Na przełomie lat 50. i 60. popularność zyskał zwykły czarny golf. Lansowały go takie gwiazdy kina jak choćby Audrey Hepburn. Pasował do wszystkiego i idealnie podkreślał sylwetkę. Noszenie spodni przez kobiety nie było już przejawem złego smaku, choć w szkole można było jeszcze za nie dostać naganę.

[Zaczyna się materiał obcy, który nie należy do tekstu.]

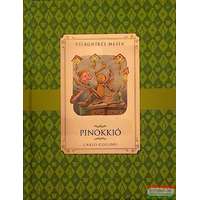 Ventus Libro Kiadó Pinokkió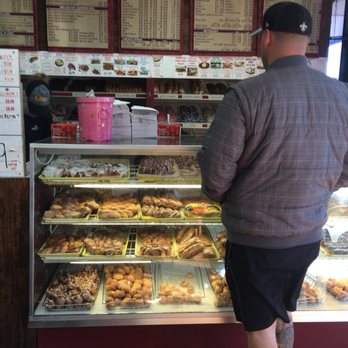 Big John’s Donuts -N- Deli - Donuts Near Me - Kenner, Louisiana Big John’s Donuts -N- Deli - Donuts Near Me - Kenner, Louisiana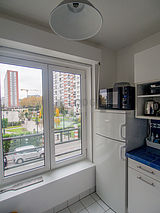 Apartment Puteaux - Kitchen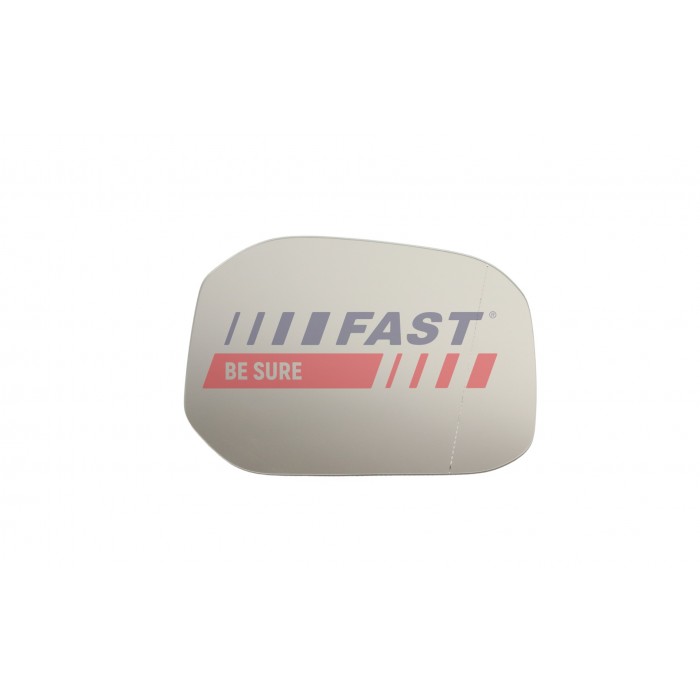 Verre de Rétroviseur Droit Pour VW Caddy IV 2K5857522 2K5857522A 2K5857522C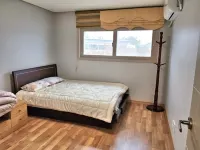 Sacheon Daol Pension Hotels in Sacheon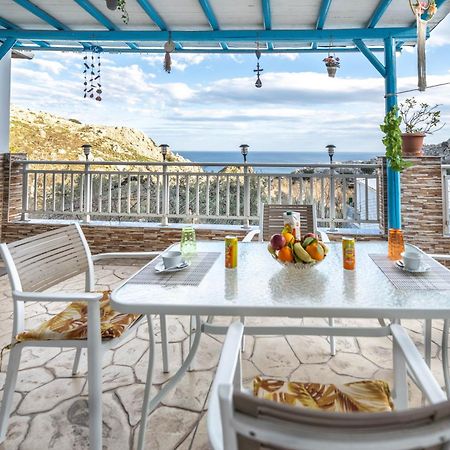 Springs Petronas Apartment Archangelos  Dış mekan fotoğraf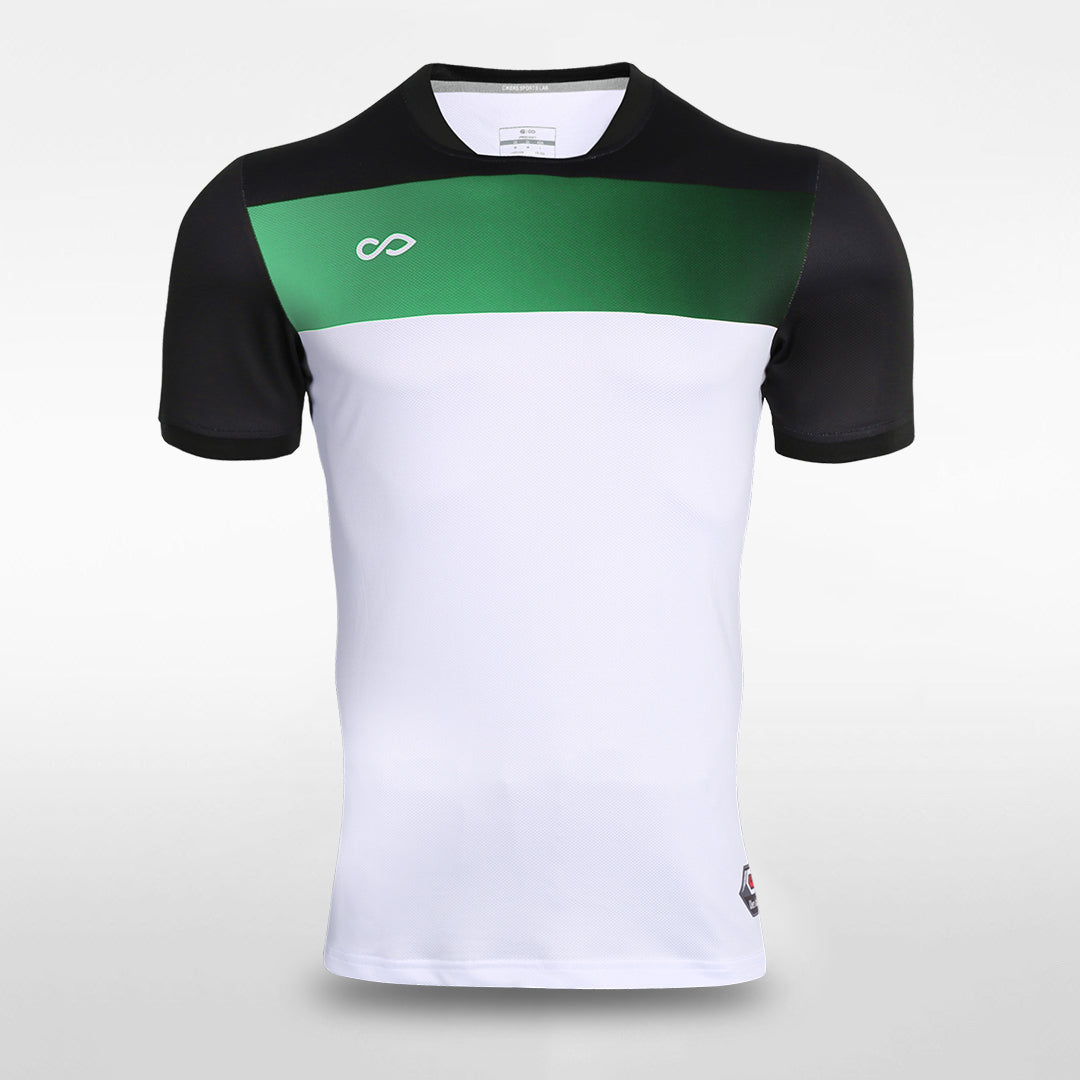 Soccer Jersey Calorara - W18S201GAM1 limegreen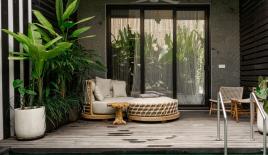 Вилла за 157 084 евро в Чангу, Индонезия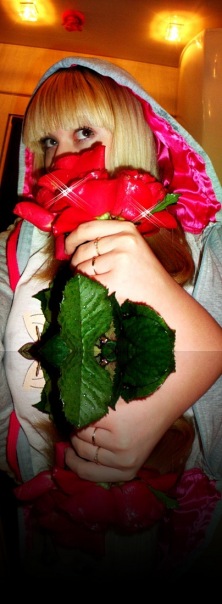 №36, Настя Капустина, Харьков №36, Настя Капустина, Харьков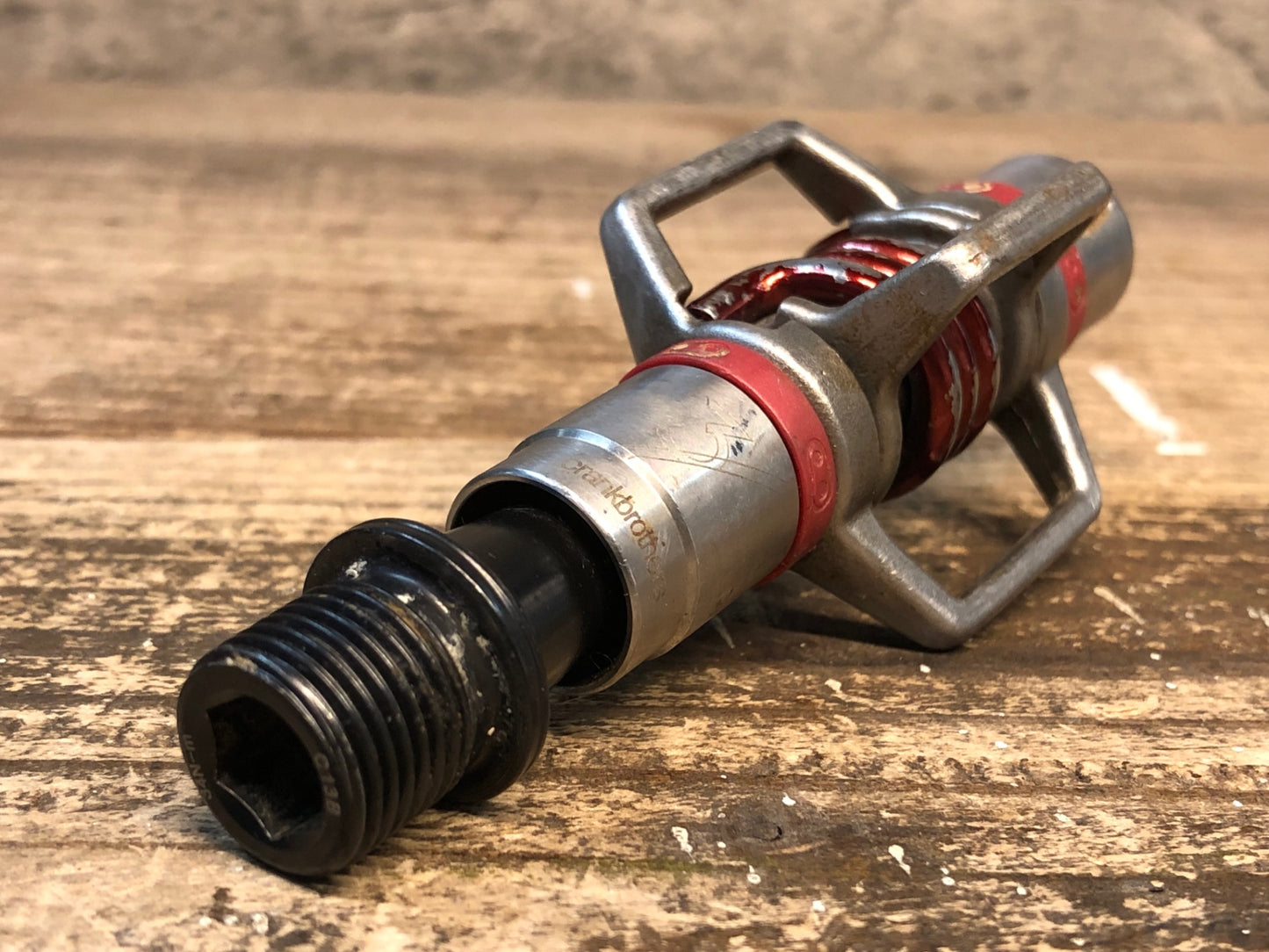 IM352 クランクブラザーズ crankbrothers エッグビーター EGG BEATER 3 ビンディングペダル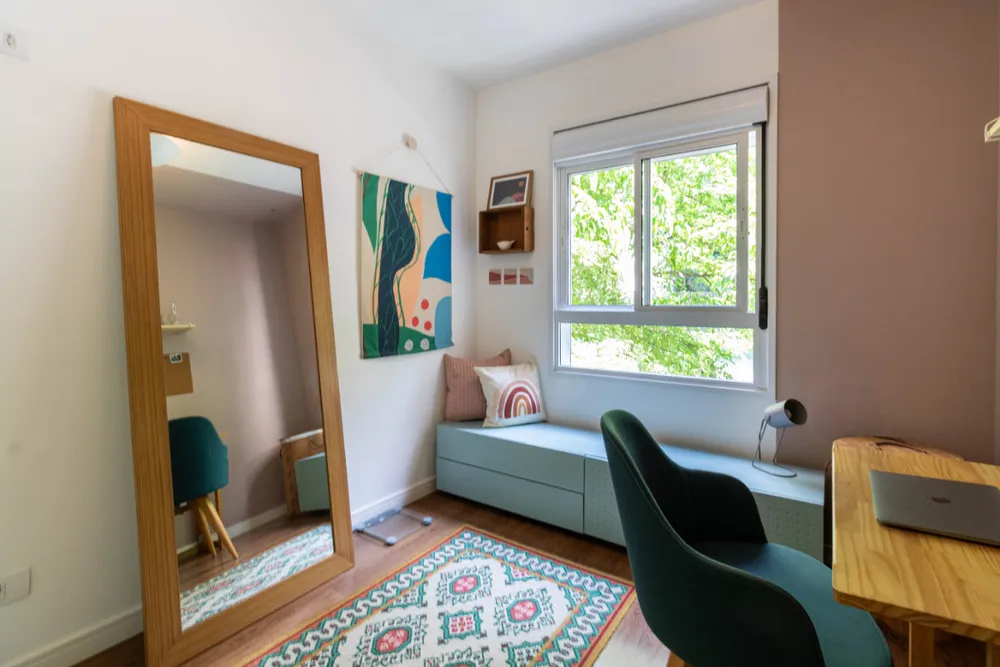 Apartamento, 3 quartos, 87 m² - Foto 4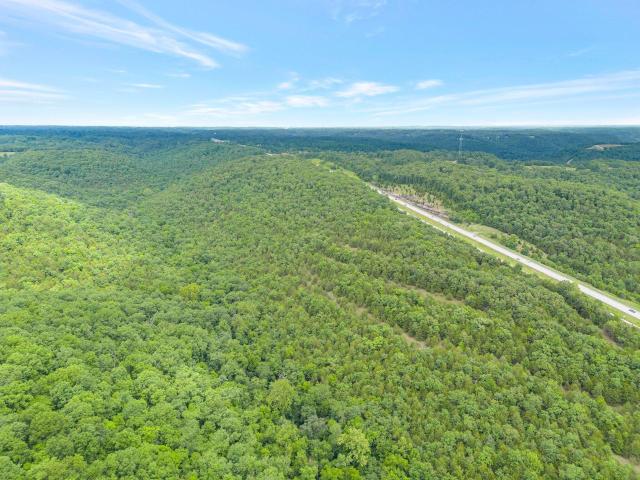 Land for sale in Highlandville, Missouri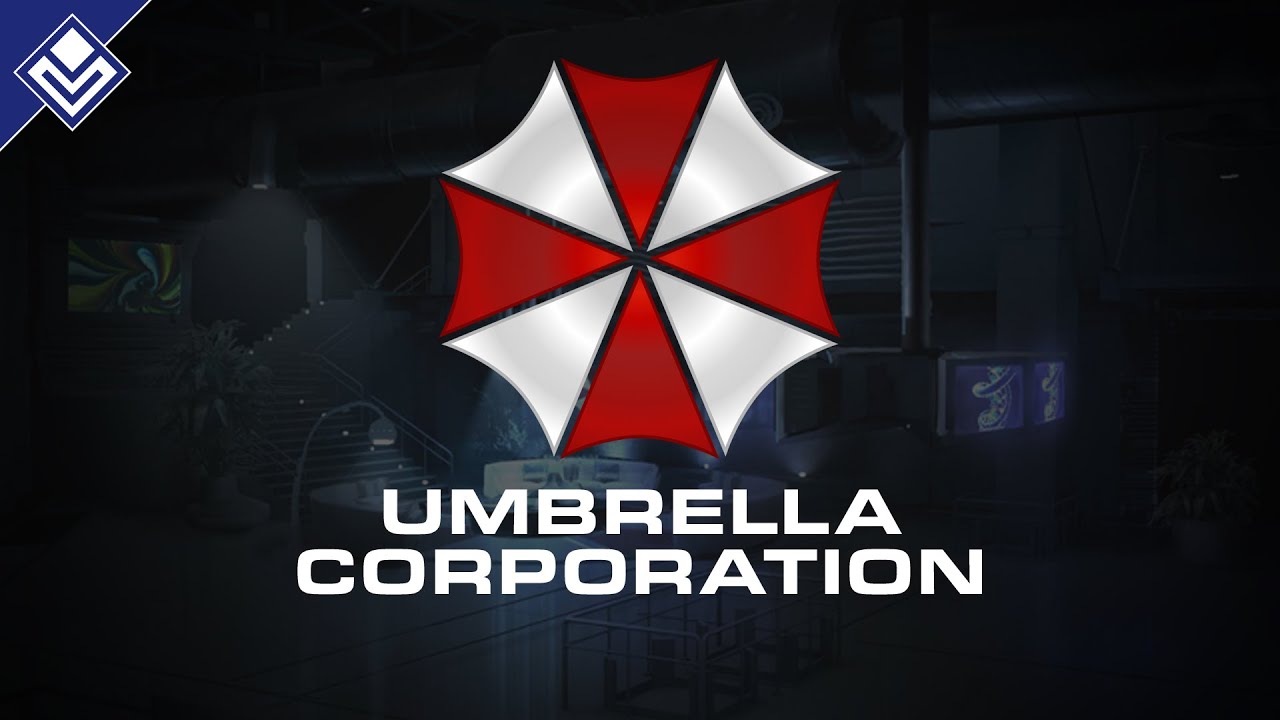 Umbrella Corporation  Resident Evil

Oprócz mocno rozkloszowanych spódnic w stylu Diora popularność zyskiwały w tych latach luźne sukienki bez wyraźnie zaznaczonej talii w typie „worka”. Sama Barbara Hoff na łamach „Przekroju” przedstawiła około stu fasonów, ogłaszając tym nową dekadę. Można je było podzielić na kilka kategorii (modeli): „worki” na co dzień, wizytowe, zwężające się ku dołowi oraz balowe szyte z koronki, organdyny i szyfonu. Często były inspirowane paryskimi pokazami. Za tym słynnym fasonem stał Cristóbal Balenciaga.
Polska ulica lat 60. to również kostiumy w stylu Chanel. Charakteryzowały się spódnicą do kolan i pudełkowym żakietem kończącym się na linii bioder, zapinanym na kilka guzików, często bardzo ozdobnych i trójwymiarowych. „Chanelki” nosiły kobiety w średnim wieku i starsze. Stanowiły strój bardzo elegancki i odpowiedni na każdą okazję, połączony najczęściej z naszyjnikiem z Jablonexu. Dużym powodzeniem cieszyły się również płaszcze o prostej linii lub w kształcie litery „A”, na głowach gościły coraz bardziej misternie natapirowane fryzury, a oczy ozdabiały kocie czarne kreski.
Na popularności zyskały dodatki. Nie było niczym złym nosić klipsy, kocie okulary
i naszyjniki. Kobiety zaczynały eksperymentować, a moda lat 60. ewoluowała w kraju coraz szybciej, choć początki były skromne. Projektanci odchodzili od powszechnej elegancji na rzecz nowinek z Zachodu. Największą zmianą była długość spódnicy. Skracała się ona z sezonu na sezon, a André Courrèges i Mary Quant sprawili, że mini zawładnęła światem mody (w Polsce w 1967 r.). Ponadto pod koniec lat 60. główną rolę w modzie zaczęła odgrywać młodzież. To ona dyktowała trendy.
Lata 60. to również fascynacja Mondrianem, op-artem czy stylem kosmicznym. To także moment, w którym zaczynają powstawać odmienne, różniące się od siebie estetyki. Dla kobiet wyzwaniem był wybór tej, za którą z nich podążać, która z nich jest dla nich odpowiednia. W tych czasach każdy dom mody przerabiał dany, wykreowany strój według własnego uznania, wykorzystując choćby inne niż oryginalne tkaniny.
Polki pokochały wtedy styl na chłopczycę lub „baby doll” lansowany przez modelkę Twiggy. Ważnym elementem ubioru stały się kolorowe rajstopy, geometryczne wzory i ostre połączenia kolorystyczne. Domy mody (Moda Polska, Telimena czy Cora) bardzo chętnie tworzyły geometryczne kreacje na eksport. Do sklepów trafiała znikoma ich liczba. Trzeba było się natrudzić, by je zdobyć. Kobiety same przerabiały to, co udało im się kupić lub to, co znalazły w swoich szafach.
Pod koniec lat 60. pończochy ustąpiły popularności podkolanówkom i rajstopom. Obcasy stały się niższe. Popularne były bardzo mocne, niskie czółenka na kwadratowym słupku. Mocno lansowano również botki, które do pewnego momentu kojarzono wyłącznie z okresem jesienno-zimowym. Suknie wieczorowe mocno odbiegały od mody młodzieżowej. Były inspirowane Orientem, tworzono je z wzorzystych tkanin i ze złotymi dodatkami. W tej sferze nadal prym wiódł Paryż. Kobiety mocno akcentowały oczy kreską, malowały je pastelowymi cieniami, a rzęsy górne i dolne mocno tuszowały. Modna była fryzura typu „pixie cut” stworzona przez Vidala Sassoona.
W historii Polski koniec tej dekady jest związany z wydarzeniami marcowymi z 1968 r. Po zdjęciu z afisza „Dziadów” w reżyserii Kazimierza Dejmka w warszawskim Teatrze Narodowym rozpoczęły się protesty studenckie. Symbolem buntujących się dziewcząt stała się najmodniejsza wtedy część garderoby, czyli minispódniczka.